TASK OBJECTIVE:
Copy exactly the line containing "Miniatura 9 de" and all the lines that follow it to the end of the records, minus the pictures.
══ SUPPLIED MATERIAL ══
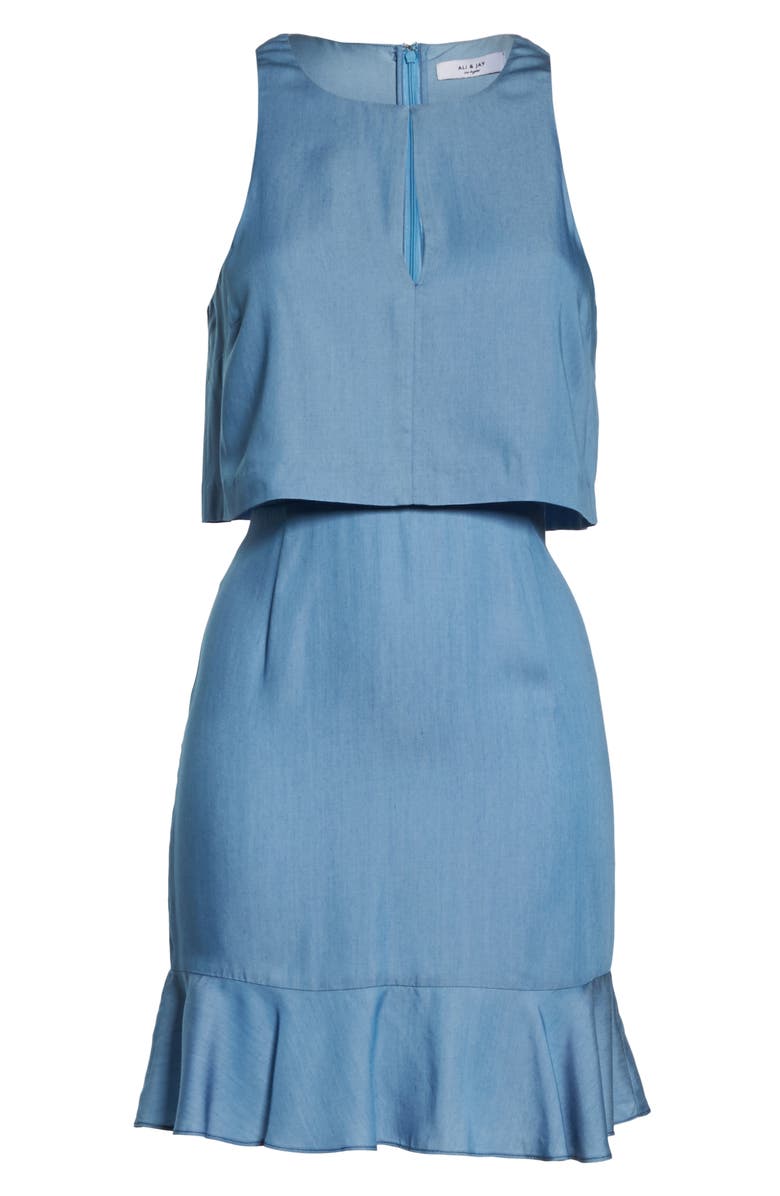 Ali & Jay Maya Chambray Popover Dress, Alternate, color, 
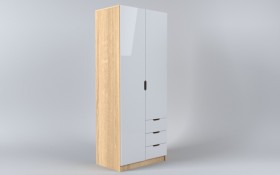 Шкаф 2-х створчатый с ящиками Лофт (Белый/корпус Дуб Сонома) в Называевске - nazyvaevsk.katalogmebeli.com | фото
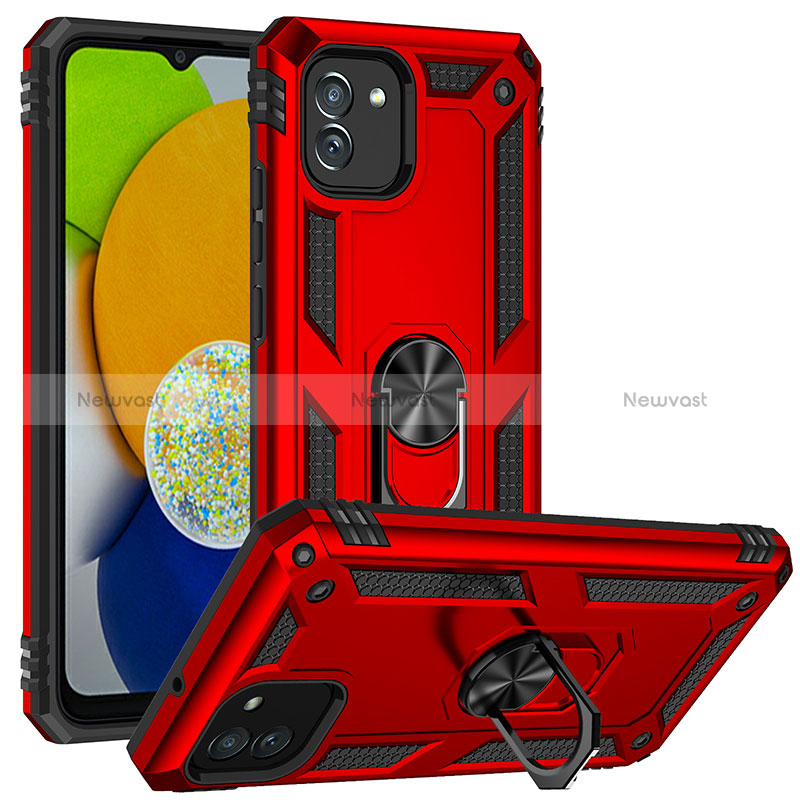 Silicone Matte Finish and Plastic Back Cover Case with Magnetic Stand MQ1 for Samsung Galaxy A03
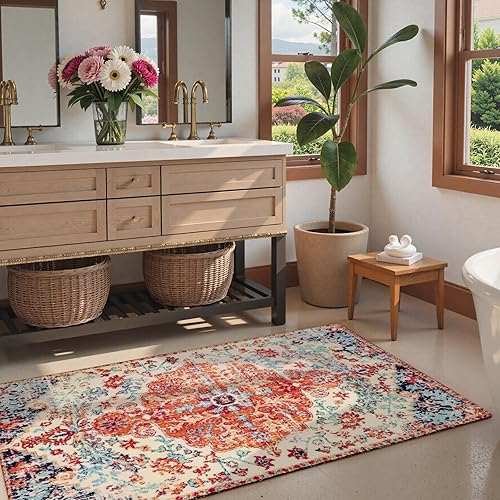 Miniatura 9 de Lahome Alfombra bohemia con medallón floral de 3 x 5 pies, suave, impresa, para baño, cocina, entrada, vestíbulo, vintage, antideslizante, lavable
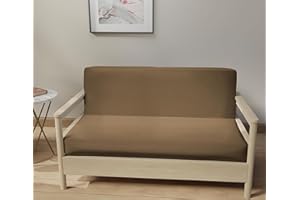 LANE LINEN Futon Covers Full Size, 100% Cotton Slipcovers, Full Size Mattress Cover for Futon Sofa Bed, Foldable Armless Sofa Cover, Zippered Couch Cover - Taupe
═══
TASK OUTPUT:
 Miniatura 9 de Lahome Alfombra bohemia con medallón floral de 3 x 5 pies, suave, impresa, para baño, cocina, entrada, vestíbulo, vintage, antideslizante, lavable
 LANE LINEN Futon Covers Full Size, 100% Cotton Slipcovers, Full Size Mattress Cover for Futon Sofa Bed, Foldable Armless Sofa Cover, Zippered Couch Cover - Taupe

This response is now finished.